- **Directions**
Without changing a word, repeat the data, and include no pictures.

- **Data excerpt**
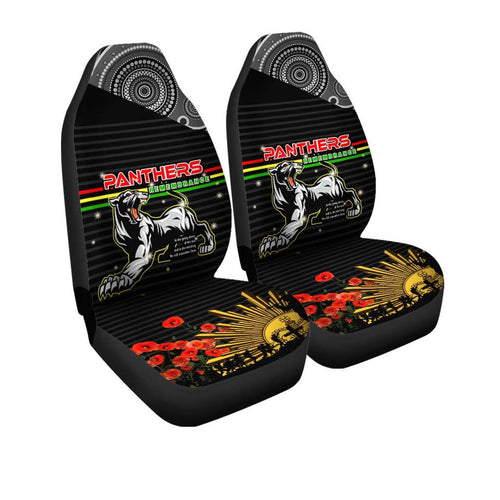 panthers-rugby-anzac-aboriginal-car-seat-cover-penrith-panthers-with-poppy-flower-art-car-seat-cover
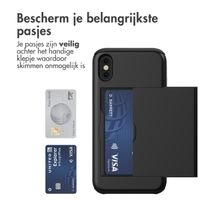 imoshion Backcover met pasjeshouder Apple iPhone X / Xs - Zwart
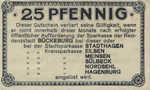 Germany, 25 Pfennig, B97.3a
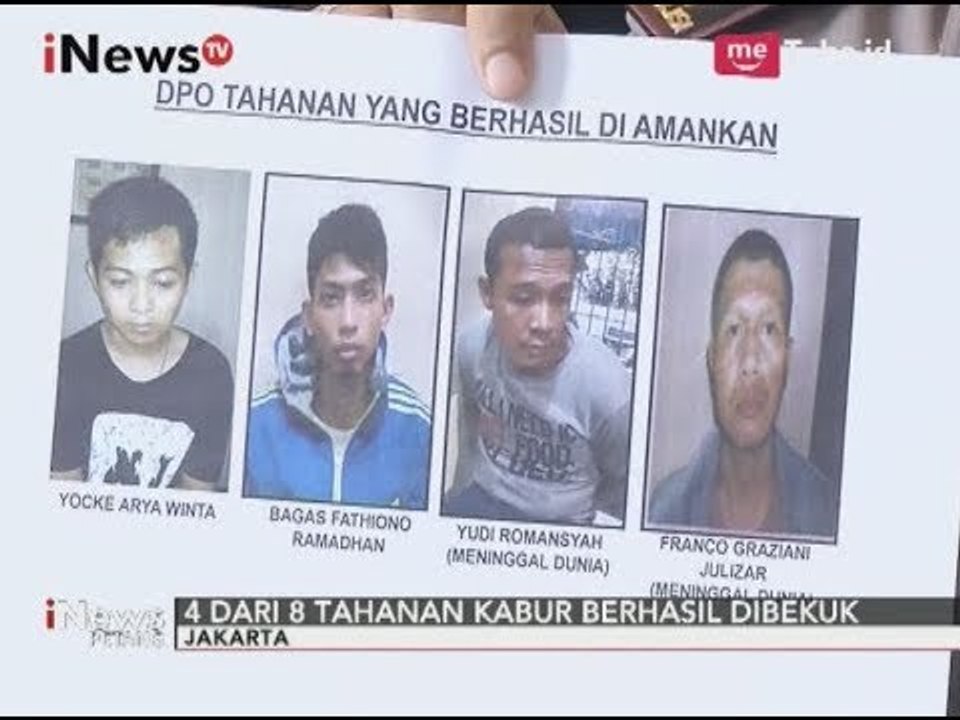 Polisi Berhasil Tangkap 4 Tahanan yang Kabur, 2 Diantaranya Tewas Ditembak - iNews Petang 17/09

- **Finished exercise**
 panthers-rugby-anzac-aboriginal-car-seat-cover-penrith-panthers-with-poppy-flower-art-car-seat-cover
 imoshion Backcover met pasjeshouder Apple iPhone X / Xs - Zwart
 Germany, 25 Pfennig, B97.3a
 Polisi Berhasil Tangkap 4 Tahanan yang Kabur, 2 Diantaranya Tewas Ditembak - iNews Petang 17/09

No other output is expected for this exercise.